A CIVIL court case seeking about $2.5 million against the RSPCA, alleging cattle were put down and removed at Framlingham more than 10 years ago, is under way.
Westmere’s James Holdsworth and Heather Ellison, of Bairnsdale, are seeking compensation, claiming the actions of an RSPCA officer led to 311 head of cattle being put down, seized or going missing and the loss of their stud Murray grey bloodlines.
The trial before Judge Bowman in Melbourne County Court has been going for a couple of weeks, with Mr Holdsworth in the stand for days before former ATSIC chairman Geoff Clark and Koori Court elder Lenny Clarke gave evidence.

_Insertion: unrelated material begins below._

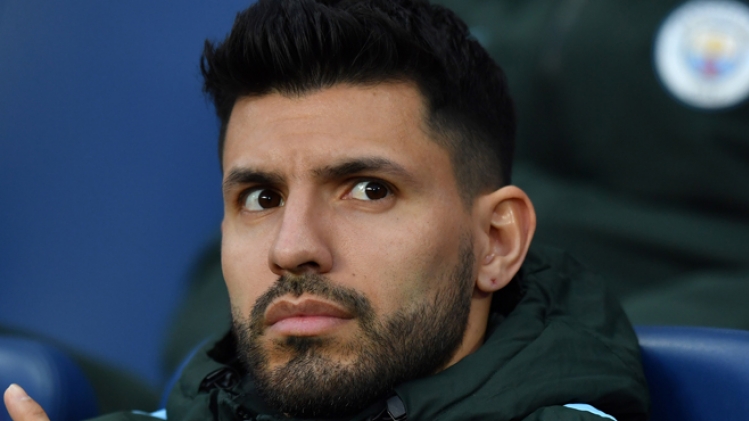 aguero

The civil case in Melbourne is expected to continue for at least this week and possibly longer.
The case dates back to 2003, when almost 500 head of cattle owned by the business partners were herded from Corowa during a devastating drought and went to the Framlingham forest on agistment.
But the action started when the RSPCA was alerted and claimed to have found about 30 cattle dead at Framlingham towards the end of May that year.

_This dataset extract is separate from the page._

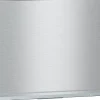 Splash Back<Miele Outlet
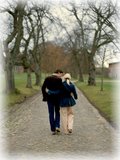 Romantic Nature.... - love... love.... love.... love....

In an amended statement of claim lodged with the County Court, the business partners claim the value of the slaughtered, seized and missing cattle was $588,500.
The future income loss is claimed as $557,600 and the loss of future income through artificial insemination purposes $1.32 million.
The writ claims that the herd consisted of 271 cows, 222 calves and four bulls.
It also claims an RSPCA officer and other “raiders” unlawfully shot or otherwise destroyed 115 head and those cattle were taken to Tesbury Meats near Camperdown.
Another 24 live cattle were allegedly transported to the same meatworks, where they were also processed.
“The plaintiffs have demanded the return of the slaughtered cattle, the live cattle and the missing cattle or that the defendant account for the proceeds of the disposal of them, but the defendant has failed and/or refused to do so,” the writ claims.
Melbourne solicitor John Maitland said the long-running case was listed for trial in the civil division of the Melbourne County Court before a judge and jury in December. Mr Maitland said it was alleged the RSPCA officer involved had overstepped the mark in relation to his powers under the Prevention of Cruelty to Animals Act.
In part of the lengthy legal process, Ballarat Magistrates Court dismissed animal cruelty charges against Mr Holdsworth and Ms Ellison.
In its 2005 annual report the RSPCA said the legal costs for the Ballarat court case would be tens of thousands of dollars.
It said the case highlighted the “difficult task of inspectors in prosecuting cruelty cases, which need to attain the criminal law benchmark of proving a case beyond reasonable doubt”.
RSPCA spokesmen have in the past declined to comment as the matter is before the courts.